First, he tells Dayla, Mawch (the acolyte), and Kasee (the village girl) that he is going to rescue Kasee’s father, the wizard of the village, because he wants to go home and wizards seem to be the only people around there that might be able to help. They talk him out of it – his arm is broken, he needs to heal, he doesn’t know the country, he can’t do it. He challenges them to come with him and they all kind of shut up and make excuses.

So what IS the mid-point?  If “they talk him out of it,” that means it has to wait, meaning this hasn’t been a mid-point context shift… yet.  Needs to be one right there, at 50%.  Not just him thinking about it, making an internal shift… he needs to DO something, or something else externally needs to HAPPEN.

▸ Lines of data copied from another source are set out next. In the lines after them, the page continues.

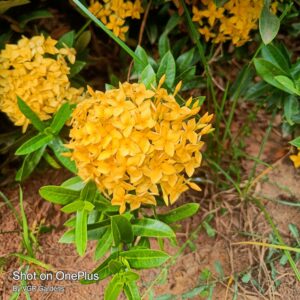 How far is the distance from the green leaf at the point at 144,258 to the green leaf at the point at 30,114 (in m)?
0.46

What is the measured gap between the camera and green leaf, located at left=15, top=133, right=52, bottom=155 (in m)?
1.35

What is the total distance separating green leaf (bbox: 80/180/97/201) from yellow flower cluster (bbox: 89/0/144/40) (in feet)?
2.07

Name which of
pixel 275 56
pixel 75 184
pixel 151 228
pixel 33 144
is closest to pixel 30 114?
pixel 33 144

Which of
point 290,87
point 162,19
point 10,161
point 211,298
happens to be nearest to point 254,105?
point 162,19

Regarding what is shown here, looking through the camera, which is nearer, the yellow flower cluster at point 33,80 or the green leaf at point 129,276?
the green leaf at point 129,276

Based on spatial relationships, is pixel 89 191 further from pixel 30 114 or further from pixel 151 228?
pixel 30 114

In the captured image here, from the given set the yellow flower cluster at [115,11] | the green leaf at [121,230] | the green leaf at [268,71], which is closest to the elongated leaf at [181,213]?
the green leaf at [121,230]

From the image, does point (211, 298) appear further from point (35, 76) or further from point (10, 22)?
point (10, 22)

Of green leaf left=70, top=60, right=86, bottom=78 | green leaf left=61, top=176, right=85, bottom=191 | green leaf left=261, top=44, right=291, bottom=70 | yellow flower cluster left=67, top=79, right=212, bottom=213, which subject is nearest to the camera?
yellow flower cluster left=67, top=79, right=212, bottom=213

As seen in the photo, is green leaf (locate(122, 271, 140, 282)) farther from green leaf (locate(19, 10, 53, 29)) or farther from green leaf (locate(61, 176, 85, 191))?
green leaf (locate(19, 10, 53, 29))

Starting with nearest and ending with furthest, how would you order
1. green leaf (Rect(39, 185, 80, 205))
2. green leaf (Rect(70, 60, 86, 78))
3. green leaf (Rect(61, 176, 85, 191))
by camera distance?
green leaf (Rect(39, 185, 80, 205))
green leaf (Rect(61, 176, 85, 191))
green leaf (Rect(70, 60, 86, 78))

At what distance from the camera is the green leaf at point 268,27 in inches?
51.2

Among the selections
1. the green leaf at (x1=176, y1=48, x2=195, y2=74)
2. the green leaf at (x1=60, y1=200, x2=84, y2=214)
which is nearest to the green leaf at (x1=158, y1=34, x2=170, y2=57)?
the green leaf at (x1=176, y1=48, x2=195, y2=74)

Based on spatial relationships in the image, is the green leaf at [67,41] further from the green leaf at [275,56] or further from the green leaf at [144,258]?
the green leaf at [144,258]
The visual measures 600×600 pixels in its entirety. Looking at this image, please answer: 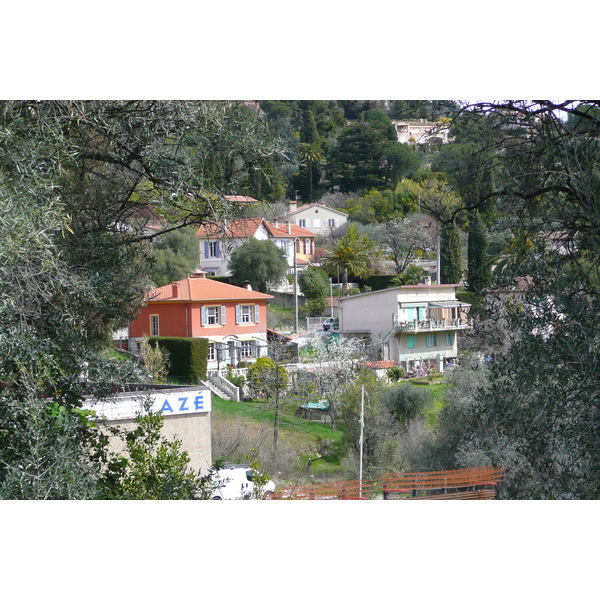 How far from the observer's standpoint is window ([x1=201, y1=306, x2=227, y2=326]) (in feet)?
60.9

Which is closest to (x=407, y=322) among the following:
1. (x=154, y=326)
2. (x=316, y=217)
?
(x=316, y=217)

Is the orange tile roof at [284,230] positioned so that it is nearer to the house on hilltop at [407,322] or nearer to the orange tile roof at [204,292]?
the orange tile roof at [204,292]

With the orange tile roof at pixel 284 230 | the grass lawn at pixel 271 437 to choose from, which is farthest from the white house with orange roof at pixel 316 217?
the grass lawn at pixel 271 437

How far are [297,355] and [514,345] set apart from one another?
14.7 meters

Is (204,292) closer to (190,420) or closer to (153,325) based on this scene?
(153,325)

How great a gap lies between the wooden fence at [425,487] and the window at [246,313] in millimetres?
7876

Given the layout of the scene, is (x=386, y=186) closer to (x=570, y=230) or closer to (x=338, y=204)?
(x=338, y=204)

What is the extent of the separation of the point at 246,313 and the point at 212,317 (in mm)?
939

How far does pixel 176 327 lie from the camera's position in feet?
60.3

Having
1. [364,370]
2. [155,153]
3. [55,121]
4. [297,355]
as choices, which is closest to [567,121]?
[155,153]

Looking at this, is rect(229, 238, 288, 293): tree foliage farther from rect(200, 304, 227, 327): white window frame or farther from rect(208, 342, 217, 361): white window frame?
rect(208, 342, 217, 361): white window frame

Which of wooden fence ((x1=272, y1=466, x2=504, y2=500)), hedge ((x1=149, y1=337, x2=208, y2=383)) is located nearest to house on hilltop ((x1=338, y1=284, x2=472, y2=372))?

But later Mawch offers to heal his arm, which he does (through mental energy/divine power/the force) and asks if they could rescue his master Saveedyn as well. Jareth fully expected to have to go alone but now, with his arm healed and a companion he is getting hopeful of success. Then Kasee says she’ll come since its her father they are going to save. Then Dayla comes because they are her only friends. And maybe because Jareth is a lot more interesting when he’s not pissing and moaning. 

The contextual mission of Part 3 is to see the hero morph into a proactive warrior, beginning to engage, to attack (versus the Part 2 context of “reaction” and “wanderer”).  But here, you have the others convincing him they should come along, after turning him down.  Why the shift on their part?  If it’s in response to something HE (Jareth) does, if he’s the proactive one that brings this shift about, then yes, that’s good.  But if it’s not Jareth causing the shift, if he’s still passive here… not good.  It’s’ time, beginning at the (still missing) mid-point context shift, for him to TAKE CHARGE and be proactive.  To start acting HEROICALLY.

They visit a few wizards along the way to get gear and advice (they learn that the satellites shoot down anything that flies higher than the floating city), but are attacked at the stronghold of the second wizard they visit because the Red Wizard has declared all other wizards enemies of the Tower until he figures out who has been collecting all the fallen satellites (he thinks someone might be threatening his power by getting and denying him certain technology, and it that it can only be other wizards).

How does he respond to these attacks?  Be careful to not sudden imbue him with superpowers or over-the-top heroism… the important thing is to show him being DIFFERENT here, acting cleverly, courageously.  It’s a fine line, he’s still a kid battling warriors, and one-on-one he’d lose.  So he has to be proactive in other ways here.

What is your strategy to escalate dramatic tension, pace and stakes in the second half of your story?

Running from the forces of the Red Wizard, (careful, he’s not “responding here, as he was in Part 2, his new context is warrior/attacker… and if he’s being attacked, he needs to proactively respond like a smart, though outnumbered and outgunned, warrior would, rather than simply “running from” them) getting closer and closer to the Tower and the floating city (by virtue of his new proactive non-victim self being clever and courageous), the attempted escape from the Red Wizard’s prison inside the Tower, then being captured and taken before the Red Wizard himself (again, you need to walk the line here, he’s not “fleeing” in Part 3, he’s becoming heroic)… the action and tension are definitely escalating. 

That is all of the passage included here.